Lengthy founding, answering and replying affidavits were
filed, as well as practice notes, bundles of case law and detailed
heads
of argument on both sides. The application papers alone filled
an entire lever arch file. The application was adjourned to 28
February
2022, the purpose of which was to keep the period from 11
April onwards free for the leading of evidence as had been envisaged
and conveyed to all of the accused all along. Indeed the order made
that day specifically once again records that the period 11
April to
17 June had been set aside for the continuation of the main trial and
that the accused had to ensure that they were in
positions to
proceed.
[4]
On 28 February 2022 I delivered a 27 page judgment, allowing the
separation,
and granted Mr Fredericks, who had up until then been
representing accused no 2, leave to withdraw. Accused nos 2, 4, 5 and
6 were
again warned by way of a court order to engage legal
representation to proceed with their trial on 11 April, failing which
they
would be required to conduct their defences in person. Since 28
February the numbering of the accused persons has remained the same,

although there are now 12 accused before me, two of whom are close
corporations.
[5]
On 11 April the trial did not proceed due to a power outage lasting
for
the entire day. I digress to mention that this court’s
express and repeated concerns over the past nine years about the lack

of a functional generator at the Bhisho high court have at last been
noticed and I am informed that sufficient power will be generated
in
future to meet the requirements of the court recording equipment.
[6]
On 12 April the matter was transferred during the day from Bhisho to
East
London due to a further power outage. Accused numbers 1, 12 and
13 brought an application for an adjournment pending the finalisation

of representations which had been placed before the Director of
Public Prosecutions (the DPP) at the 11
th
hour and on the
Sunday before the trial was due to commence.
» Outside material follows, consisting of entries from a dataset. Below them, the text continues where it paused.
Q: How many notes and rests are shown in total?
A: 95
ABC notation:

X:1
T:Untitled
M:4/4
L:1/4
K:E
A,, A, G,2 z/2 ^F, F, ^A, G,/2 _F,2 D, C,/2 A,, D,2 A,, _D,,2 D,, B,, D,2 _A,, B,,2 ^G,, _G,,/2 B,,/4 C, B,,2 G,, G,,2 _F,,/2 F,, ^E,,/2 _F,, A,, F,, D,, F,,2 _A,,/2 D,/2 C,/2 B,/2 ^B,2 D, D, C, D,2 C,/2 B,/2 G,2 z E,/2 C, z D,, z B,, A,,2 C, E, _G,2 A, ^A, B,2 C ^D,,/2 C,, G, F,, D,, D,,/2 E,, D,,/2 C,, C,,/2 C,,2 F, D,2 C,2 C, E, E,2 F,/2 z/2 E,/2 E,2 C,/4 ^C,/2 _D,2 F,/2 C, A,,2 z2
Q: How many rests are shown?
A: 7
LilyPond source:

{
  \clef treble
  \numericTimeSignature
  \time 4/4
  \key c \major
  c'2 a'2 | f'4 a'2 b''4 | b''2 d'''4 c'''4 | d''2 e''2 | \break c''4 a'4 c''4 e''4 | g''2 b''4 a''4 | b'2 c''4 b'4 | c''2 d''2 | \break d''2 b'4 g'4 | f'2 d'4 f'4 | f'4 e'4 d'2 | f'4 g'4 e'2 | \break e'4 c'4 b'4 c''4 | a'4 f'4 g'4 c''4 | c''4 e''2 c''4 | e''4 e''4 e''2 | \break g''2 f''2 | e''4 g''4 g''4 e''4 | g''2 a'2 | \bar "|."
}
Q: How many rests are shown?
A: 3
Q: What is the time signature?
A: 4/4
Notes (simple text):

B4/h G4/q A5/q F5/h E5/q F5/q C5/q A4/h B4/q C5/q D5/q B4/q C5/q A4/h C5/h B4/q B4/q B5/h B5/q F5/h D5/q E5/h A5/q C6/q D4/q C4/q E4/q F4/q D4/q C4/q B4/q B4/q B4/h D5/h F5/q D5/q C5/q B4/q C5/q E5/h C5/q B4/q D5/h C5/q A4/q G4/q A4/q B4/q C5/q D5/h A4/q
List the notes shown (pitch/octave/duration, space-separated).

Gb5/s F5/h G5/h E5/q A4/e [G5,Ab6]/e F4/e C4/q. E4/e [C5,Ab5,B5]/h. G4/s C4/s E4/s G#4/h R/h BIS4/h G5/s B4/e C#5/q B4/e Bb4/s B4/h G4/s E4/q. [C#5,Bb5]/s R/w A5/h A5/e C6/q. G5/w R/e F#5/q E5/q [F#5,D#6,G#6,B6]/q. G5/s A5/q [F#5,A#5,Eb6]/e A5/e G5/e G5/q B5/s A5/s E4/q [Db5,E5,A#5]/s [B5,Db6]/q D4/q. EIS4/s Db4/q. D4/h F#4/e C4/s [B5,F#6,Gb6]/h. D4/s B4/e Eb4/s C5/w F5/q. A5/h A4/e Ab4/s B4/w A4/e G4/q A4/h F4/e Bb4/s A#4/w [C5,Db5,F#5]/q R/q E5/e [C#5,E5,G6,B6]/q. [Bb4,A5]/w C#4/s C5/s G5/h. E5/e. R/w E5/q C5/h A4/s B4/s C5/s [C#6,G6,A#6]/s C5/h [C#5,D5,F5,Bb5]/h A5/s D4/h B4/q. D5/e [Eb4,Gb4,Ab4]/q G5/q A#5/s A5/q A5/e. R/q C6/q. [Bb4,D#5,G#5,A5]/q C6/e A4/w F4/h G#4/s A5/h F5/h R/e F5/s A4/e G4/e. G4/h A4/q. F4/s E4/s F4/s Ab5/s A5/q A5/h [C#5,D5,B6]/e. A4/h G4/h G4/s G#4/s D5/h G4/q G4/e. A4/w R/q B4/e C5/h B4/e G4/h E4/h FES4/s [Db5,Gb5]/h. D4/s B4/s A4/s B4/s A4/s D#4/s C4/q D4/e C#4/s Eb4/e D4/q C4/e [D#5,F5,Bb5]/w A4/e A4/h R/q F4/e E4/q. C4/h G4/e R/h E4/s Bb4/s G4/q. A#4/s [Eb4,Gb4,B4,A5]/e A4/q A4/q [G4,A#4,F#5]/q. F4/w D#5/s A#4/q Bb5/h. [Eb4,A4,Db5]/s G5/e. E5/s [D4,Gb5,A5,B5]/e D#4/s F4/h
It was contended that
the representations were late because they were
being made in
response to answers to requests for further particulars and further
and better particulars for trial, which had been
given on 1 April.
Despite having expressed its misgivings, this court, for various
reasons, which included an undertaking from
the State that the DPP
would respond to the representations by 20 April 2022, adjourned the
trial to that day, resulting in the
commencement of the leading of
evidence having been delayed for five days. All of the accused were
once again warned to be ready
to proceed on 20 April.
[7]
On 20 April proceedings could only commence at 12h20 due to load
shedding.
I was informed that the DPP had declined the
representations of accused number 1, who indicated that he then
wished to make further
representations to the National Director of
Public Prosecutions (NDPP). Accused number 2 also now wished to make
representations
to the DPP, allegedly based on information which she
had recently found in preparation for trial. For this purpose she
too, requested
an adjournment.
[8]
It is relevant for purposes of this judgment, to reflect what the
status
of the accused were on that day in respect of their trial
readiness:
Accused no 1 was
represented by counsel Matotie and Skoti who were appearing for him
for the first time to apply for proceedings
to be suspended pending
further representations to the NDPP. Accused no 2 was represented by
Mr Schoombee who had only been instructed
to bring an application for
the proceedings to be suspended pending representations to the DPP.
Accused no 3 was represented by
one Ms Magadlela who indicated that
she was standing in for Mr Mpahlwa who was “unavailable today”,
and that she had
been instructed by Malusi Attorneys to seek an
application for a postponement. Accused nos 4 and 6 indicated that
they had now
approached the legal aid board and thought that someone
from that office would be present. Accused no 5, who had approached
the
board with accused nos 4 and 6, indicated that she was
unrepresented as she did not qualify for legal aid. Accused no 7 was
represented
by Mr Mvinjelwa. Mr Pakade was present for accused nos 8
and 9. Counsel was not. It was recorded that accused nos 12 and 13
had
dismissed Mr Diniso as their attorney and that one Mr Van
Breda would be their new attorney. Mr Korkie was appearing for

accused no 14. In a nutshell, only two of the remaining ten
accused were in a position to proceed with the trial on 20 April.
[9]
It was indicated on behalf of accused no 2 that she would file her
representations
on Friday 22 April (two days later) and it was
requested that the trial be suspended for a further four days. The
State opposed
the application and indicated that it held no
instructions as to when the DPP would be in a position to consider
these representations.
The prosecutor also placed on record the
obvious prejudice to witnesses, including certain politicians, caused
by these delays.
Mr Mvinjelwa, for accused no 7, likewise opposed the
applications, placing on record that his client wished to exercise
her right
to a speedy trial, and that she was suffering clear and
personal prejudice.
[10]
The trial was adjourned to 22 April in order for accused no 1 to
deliver an application
for my recusal which had occurred to him on 20
April, and for accused nos 1 and 2 to file their representations with
the NDPP and
DPP. On 22 April it transpired that accused nos 4 and 6
had approached the legal aid board three days before their trial was
due
to commence. Although they qualified for legal aid the board
requested a week to prepare for trial, which meant that that they
would only be ready to proceed on 3 May. It also transpired that Mr
Mpahlwa would not be representing accused no 3, who nevertheless
gave
this court the undertaking that he would conduct his own defence if
needs be and that he had no inclination to delay the proceedings.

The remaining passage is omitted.